L'esposizione si concentra sul periodo compreso tra il 1936 e il 1948, ovvero dai Giochi Olimpici di Berlino ai Giochi Olimpici di Londra. "In quel periodo - spiegano gli organizzatori - si affermò in Europa una 'nuova era dello sport', contrassegnata da un controllo totalitario degli sportivi e delle masse di spettatori, da una collaborazione sportiva con l’occupante, da politiche di esclusione degli atleti ritenuti indesiderabili, da umiliazioni e violenze inflitte soprattutto ai campioni sportivi che dovettero subire la deportazione. Per i governi totalitari ed autoritari, le competizioni sportive internazionali rappresentano un’opportunità straordinaria sia per rafforzare la coesione interna dello Stato, vale a dire il senso di identità nazionale del popolo, sia per dimostrare agli altri Paesi la propria forza e la propria superiorità. Tuttavia lo sport è stato anche un potente strumento di riarmo morale e fisico per le minoranze oppresse, per i resistenti, e persino per alcuni prigionieri nei campi di concentramento".
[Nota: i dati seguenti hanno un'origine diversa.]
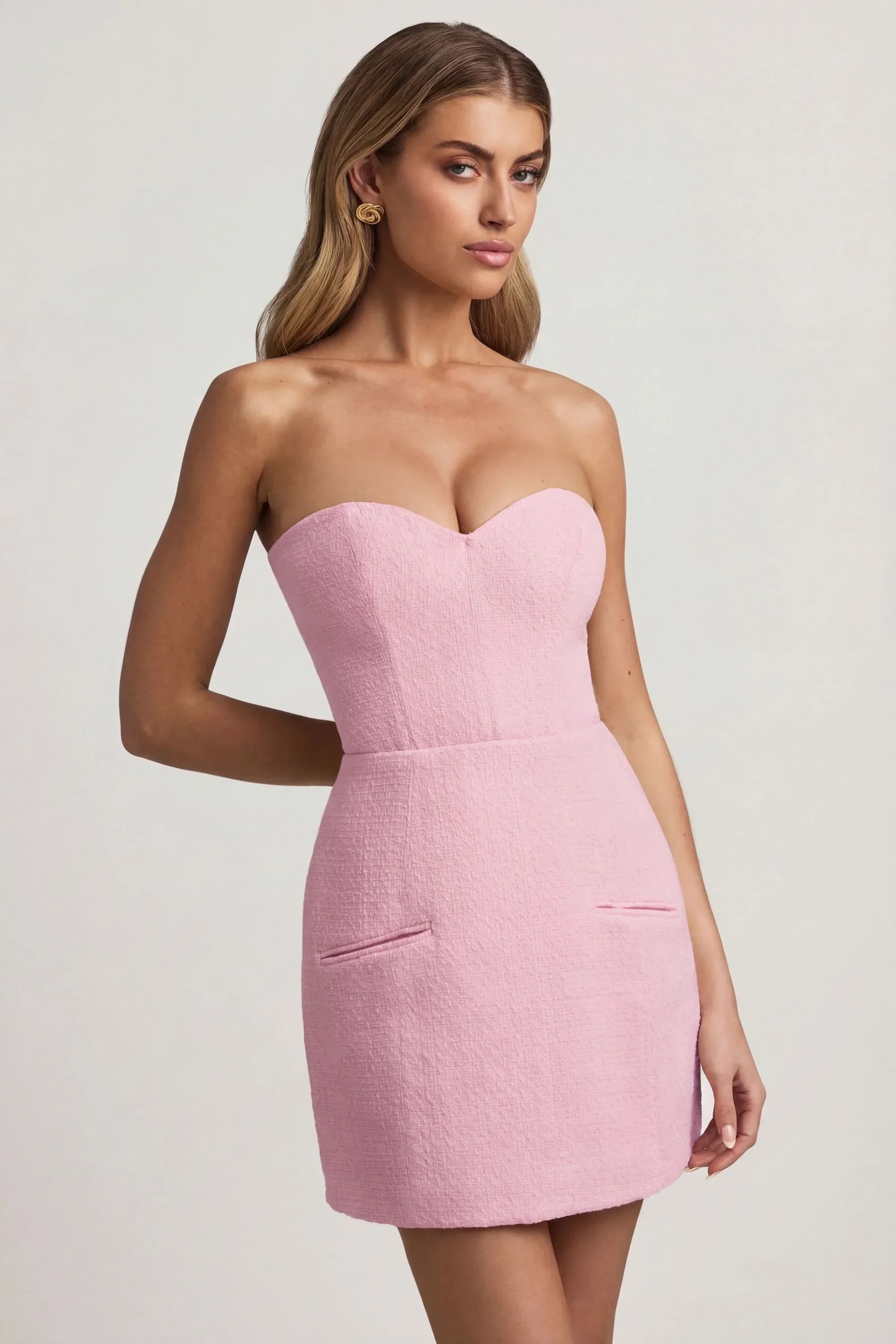 Sweetheart Neck Strapless Structured Mini Dress in Soft Pink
Insieme alla mostra sono in programma anche due giornate di studi sul tema, entrambe ricche di interventi. La prima - "Lo sport europeo dai fascismi alla democrazia" - si tiene domani, nella Sala della Cultura di Palazzo Pepoli (via Castiglione, 8 - Bologna), subito dopo l'inaugurazione ufficiale dell'esposizione (prevista per le 10). La seconda, sempre a Palazzo Pepoli, è invece prevista per martedì 4 dicembre e ha per titolo "L’Italia fascista e lo sport, l’esaltazione del corpo e le leggi razziali: Primo Lampronti, Arpad Weisz, Gino Bartali".